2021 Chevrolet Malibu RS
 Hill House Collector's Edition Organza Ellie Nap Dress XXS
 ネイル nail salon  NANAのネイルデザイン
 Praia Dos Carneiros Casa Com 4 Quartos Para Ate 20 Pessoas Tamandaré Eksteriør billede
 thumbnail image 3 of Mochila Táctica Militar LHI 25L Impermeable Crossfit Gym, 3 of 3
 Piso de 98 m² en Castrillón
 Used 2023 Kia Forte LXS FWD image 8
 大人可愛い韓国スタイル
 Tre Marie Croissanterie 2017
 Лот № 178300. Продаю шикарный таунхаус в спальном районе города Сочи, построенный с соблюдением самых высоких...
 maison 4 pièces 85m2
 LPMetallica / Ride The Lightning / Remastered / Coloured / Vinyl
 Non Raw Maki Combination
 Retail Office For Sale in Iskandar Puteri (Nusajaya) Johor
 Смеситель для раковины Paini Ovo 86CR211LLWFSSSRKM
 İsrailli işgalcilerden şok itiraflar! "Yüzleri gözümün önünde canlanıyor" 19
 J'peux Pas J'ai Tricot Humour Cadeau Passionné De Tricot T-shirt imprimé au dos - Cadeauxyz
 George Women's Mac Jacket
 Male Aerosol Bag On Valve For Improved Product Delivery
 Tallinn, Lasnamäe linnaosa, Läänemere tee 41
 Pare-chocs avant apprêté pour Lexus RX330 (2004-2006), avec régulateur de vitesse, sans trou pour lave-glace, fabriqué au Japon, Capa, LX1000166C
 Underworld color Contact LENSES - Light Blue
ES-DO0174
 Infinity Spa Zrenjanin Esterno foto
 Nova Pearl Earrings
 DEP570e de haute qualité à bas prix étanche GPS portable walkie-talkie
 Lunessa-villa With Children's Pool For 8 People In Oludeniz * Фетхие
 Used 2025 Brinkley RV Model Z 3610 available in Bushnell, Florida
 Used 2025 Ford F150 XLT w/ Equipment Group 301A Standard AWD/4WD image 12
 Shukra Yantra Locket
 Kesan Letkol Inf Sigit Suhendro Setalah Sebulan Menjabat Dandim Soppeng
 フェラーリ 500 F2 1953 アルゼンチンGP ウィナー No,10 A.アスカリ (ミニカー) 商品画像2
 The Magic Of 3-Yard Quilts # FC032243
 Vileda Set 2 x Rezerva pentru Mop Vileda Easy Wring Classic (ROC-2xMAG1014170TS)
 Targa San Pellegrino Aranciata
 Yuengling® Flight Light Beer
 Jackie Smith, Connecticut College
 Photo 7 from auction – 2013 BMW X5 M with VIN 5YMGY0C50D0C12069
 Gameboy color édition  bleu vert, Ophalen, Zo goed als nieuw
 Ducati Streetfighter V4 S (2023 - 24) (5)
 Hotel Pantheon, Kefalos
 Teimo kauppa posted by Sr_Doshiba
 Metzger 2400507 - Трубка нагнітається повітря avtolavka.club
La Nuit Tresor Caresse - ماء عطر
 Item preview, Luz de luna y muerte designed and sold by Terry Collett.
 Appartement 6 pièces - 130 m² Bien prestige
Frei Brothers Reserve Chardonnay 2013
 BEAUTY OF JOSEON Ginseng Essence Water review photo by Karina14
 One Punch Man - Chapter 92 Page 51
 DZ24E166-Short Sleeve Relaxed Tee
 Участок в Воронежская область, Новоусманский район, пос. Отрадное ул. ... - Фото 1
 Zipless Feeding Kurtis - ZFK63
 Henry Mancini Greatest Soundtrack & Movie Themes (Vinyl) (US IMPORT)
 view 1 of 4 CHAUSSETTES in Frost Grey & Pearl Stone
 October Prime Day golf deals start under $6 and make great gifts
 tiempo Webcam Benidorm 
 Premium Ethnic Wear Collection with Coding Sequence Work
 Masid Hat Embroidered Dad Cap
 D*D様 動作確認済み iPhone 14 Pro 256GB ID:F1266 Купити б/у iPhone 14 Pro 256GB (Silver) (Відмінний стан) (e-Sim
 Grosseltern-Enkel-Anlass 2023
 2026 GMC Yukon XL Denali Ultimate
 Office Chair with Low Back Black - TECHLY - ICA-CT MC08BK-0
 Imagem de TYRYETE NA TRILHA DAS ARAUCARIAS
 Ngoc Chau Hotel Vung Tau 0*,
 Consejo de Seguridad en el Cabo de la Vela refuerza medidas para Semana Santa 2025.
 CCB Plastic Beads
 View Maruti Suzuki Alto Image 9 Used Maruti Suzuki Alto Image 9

________________________________________

What is expected: Take exactly the lines from the one containing "Used 2023 Kia Forte LXS FWD image 8" through the one containing "Frei Brothers Reserve Chardonnay 2013" in the data above, and output them with nothing added.

Result of the exercise:
 Used 2023 Kia Forte LXS FWD image 8
 大人可愛い韓国スタイル
 Tre Marie Croissanterie 2017
 Лот № 178300. Продаю шикарный таунхаус в спальном районе города Сочи, построенный с соблюдением самых высоких...
 maison 4 pièces 85m2
 LPMetallica / Ride The Lightning / Remastered / Coloured / Vinyl
 Non Raw Maki Combination
 Retail Office For Sale in Iskandar Puteri (Nusajaya) Johor
 Смеситель для раковины Paini Ovo 86CR211LLWFSSSRKM
 İsrailli işgalcilerden şok itiraflar! "Yüzleri gözümün önünde canlanıyor" 19
 J'peux Pas J'ai Tricot Humour Cadeau Passionné De Tricot T-shirt imprimé au dos - Cadeauxyz
 George Women's Mac Jacket
 Male Aerosol Bag On Valve For Improved Product Delivery
 Tallinn, Lasnamäe linnaosa, Läänemere tee 41
 Pare-chocs avant apprêté pour Lexus RX330 (2004-2006), avec régulateur de vitesse, sans trou pour lave-glace, fabriqué au Japon, Capa, LX1000166C
 Underworld color Contact LENSES - Light Blue
ES-DO0174
 Infinity Spa Zrenjanin Esterno foto
 Nova Pearl Earrings
 DEP570e de haute qualité à bas prix étanche GPS portable walkie-talkie
 Lunessa-villa With Children's Pool For 8 People In Oludeniz * Фетхие
 Used 2025 Brinkley RV Model Z 3610 available in Bushnell, Florida
 Used 2025 Ford F150 XLT w/ Equipment Group 301A Standard AWD/4WD image 12
 Shukra Yantra Locket
 Kesan Letkol Inf Sigit Suhendro Setalah Sebulan Menjabat Dandim Soppeng
 フェラーリ 500 F2 1953 アルゼンチンGP ウィナー No,10 A.アスカリ (ミニカー) 商品画像2
 The Magic Of 3-Yard Quilts # FC032243
 Vileda Set 2 x Rezerva pentru Mop Vileda Easy Wring Classic (ROC-2xMAG1014170TS)
 Targa San Pellegrino Aranciata
 Yuengling® Flight Light Beer
 Jackie Smith, Connecticut College
 Photo 7 from auction – 2013 BMW X5 M with VIN 5YMGY0C50D0C12069
 Gameboy color édition  bleu vert, Ophalen, Zo goed als nieuw
 Ducati Streetfighter V4 S (2023 - 24) (5)
 Hotel Pantheon, Kefalos
 Teimo kauppa posted by Sr_Doshiba
 Metzger 2400507 - Трубка нагнітається повітря avtolavka.club
La Nuit Tresor Caresse - ماء عطر
 Item preview, Luz de luna y muerte designed and sold by Terry Collett.
 Appartement 6 pièces - 130 m² Bien prestige
Frei Brothers Reserve Chardonnay 2013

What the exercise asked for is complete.